On a clearer note, the national unemployment rate fell by 0.3 percentage points to 3.9 percent, and was far from the previous 3.5% pandemic seen in February 2020.
They are buried in unemployment rate data as a sign of increasing racial inequality. The white unemployment rate fell 0.5 percentage points last month to 3.2 percent, and the African American unemployment rate rose 0.6 percentage points to 7.1 percent.
Data from the December job report were collected in the middle of the month before Omicron infections spread across the US. Some economists have warned that the new variant could blow the wind out of the labor market in January, thanks to a wave of workers who have canceled flights and called sick.
Sick absenteeism is exacerbating a severe shortage of workers in the U.S., which is believed to have a weight in job creation.
“The non-farm payroll earnings of 199,000 and the silent increase in labor force participation suggest that a shortage of workers was leading to a further decline in employment growth, even before the rise in Omicron infections, which could cut hundreds of thousands of payrolls in January,” Michael said. Pearce, senior US economist at Capital Economics.
A record 4.5 million Americans leave their work voluntarily in November, a sign of employee confidence in their job opportunities. Job offers were also on record on the last day of November.
To attract poor job seekers, companies have increased their salaries and improved their benefit packages.
This trend continued in December, with average hourly earnings of all non-farm payroll workers rising by 4.7 per cent more than a year ago.
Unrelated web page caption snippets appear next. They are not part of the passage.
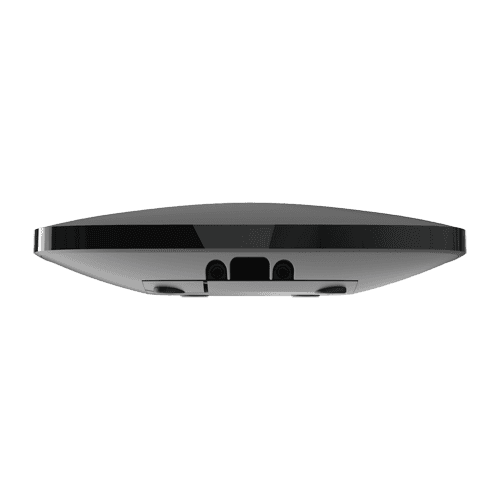 Hub Plus
Panel de control del sistema de seguridad que admite dispositivos inalámbricos Negro - Imagen 3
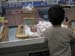 D Nursery 3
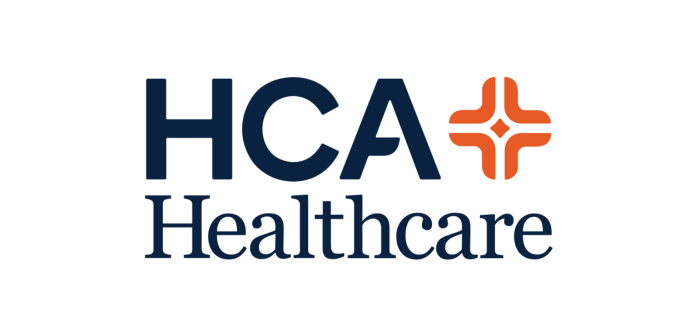 HCA Healthcare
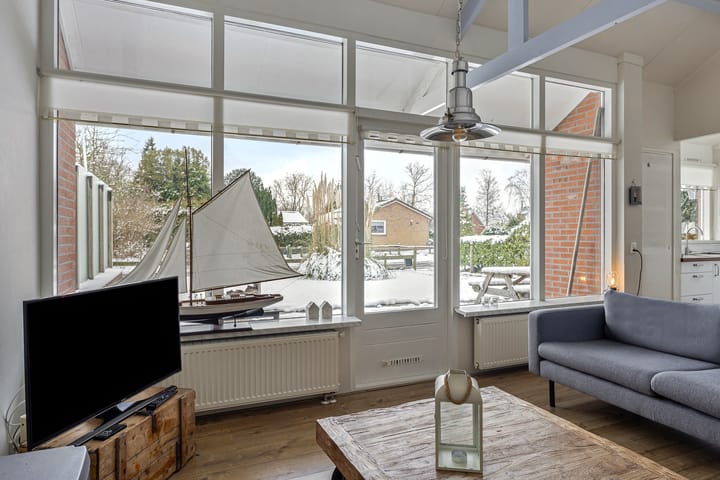 Photo 10 of Robbenoort 18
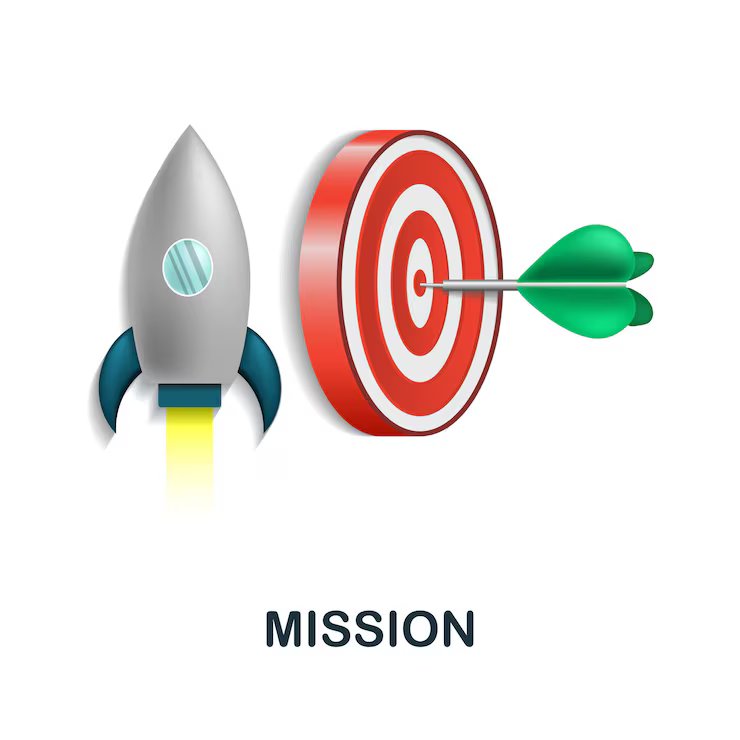 Professional Movers at Work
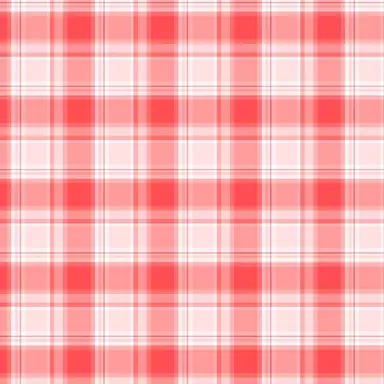 Profile image of 西畑大吾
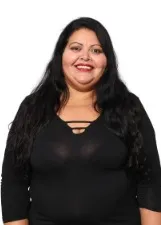 Andreza Dezzah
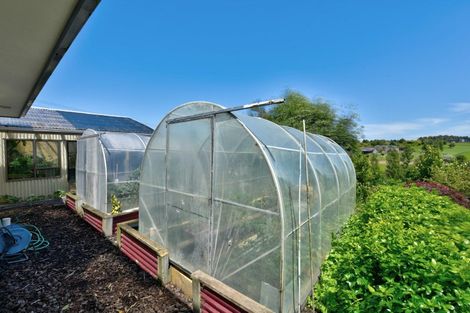 Photo of property in 21 Willow Lane, Gore, 9710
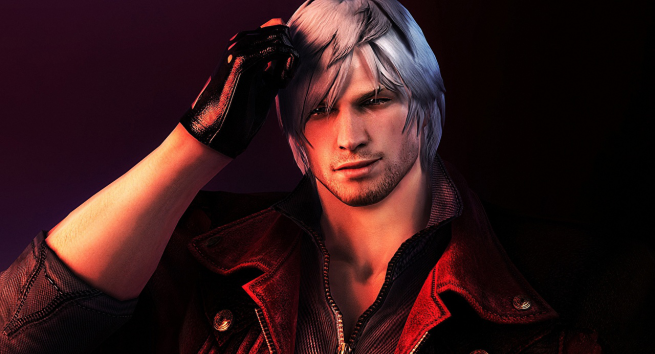 Watch Devil May Cry Season 1  Prime Video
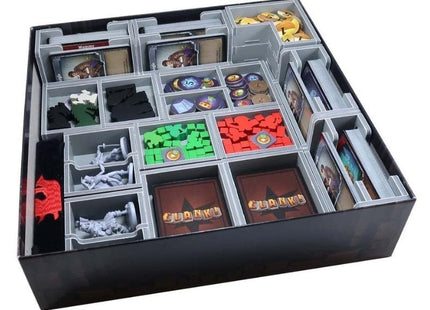 bordspel-inserts-folded-space-evacore-insert-clank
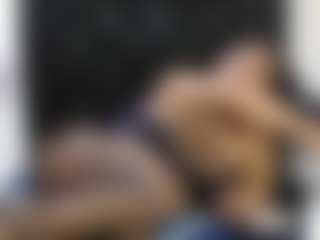 Jatzibe-hot-93's Live Sex Cam Show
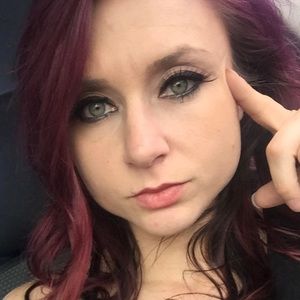 Meet your Posher, Malorie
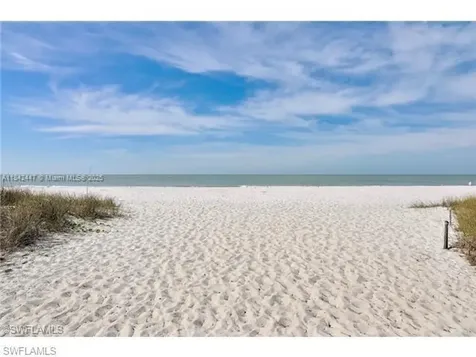Other City - In The State Of Florida FL 34102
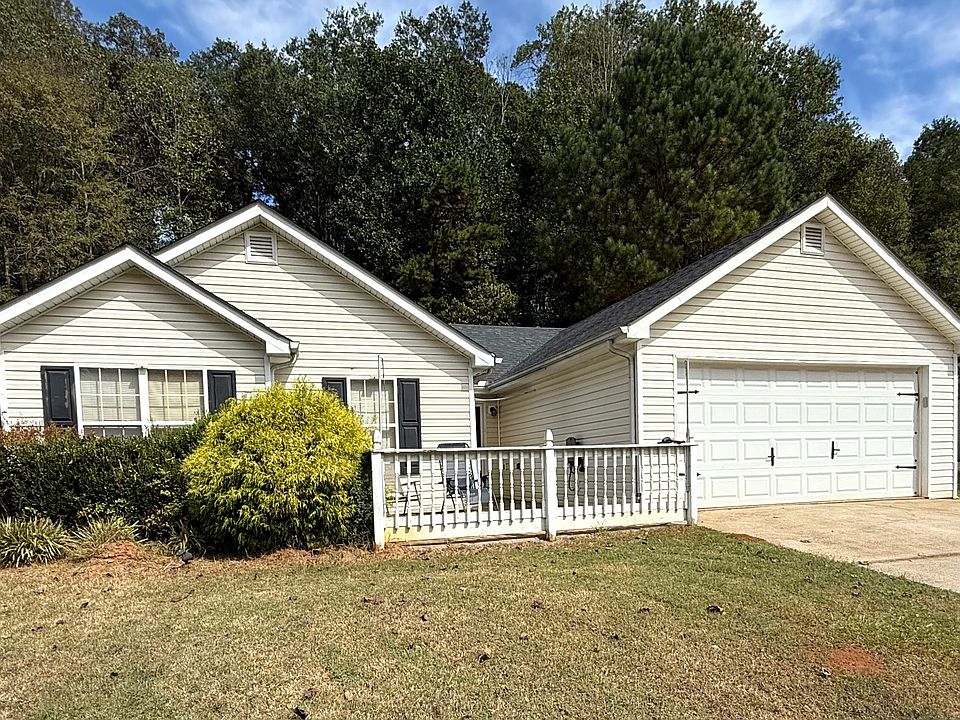 1st image of 4359 Saddlewood Ct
The labor force participation rate, which includes people who have a job or are looking for assets, did not change at 61.9 percent in December. That’s 1.5 percentage points lower than the previous pandemic level.
The number of unemployed fell by 483,000 in the last month to 6.3 million.
Across 2021, employment growth averaged 537,000 per month in the US. This leaves 3.6 million jobs in the economy to recover all the 22 million jobs lost in the early months of the pandemic in 2020.
While this shortfall has not taken into account the growth of the economy or labor force since then, the data indicate that the pandemic has changed the U.S. labor market as economists are still trying to achieve.
A number of factors are believed to affect the shortage of U.S. workers, such as fear of hiring COVID-19, ongoing nursery challenges, early retirement of baby boomers, and the fact that employees start their own businesses instead of working for someone else.
The good thing about the workers is that they have been in this strong bargaining position for years.
But despite last month’s pay rise, workers still have land to compensate for, thanks to rising inflation. Preferred measure of inflation by the Federal Reserve, Personal consumption expenditure, It rose by 5.7% in November compared to a year earlier: the hardest peak in almost 40 years.
Until the end of last year, the Fed prioritized keeping interest rates at historic lows to create fertile conditions for Americans to return to work. But as inflation rose, the Fed said in December that the monetary policy pivot was to keep up with hawkish inflation.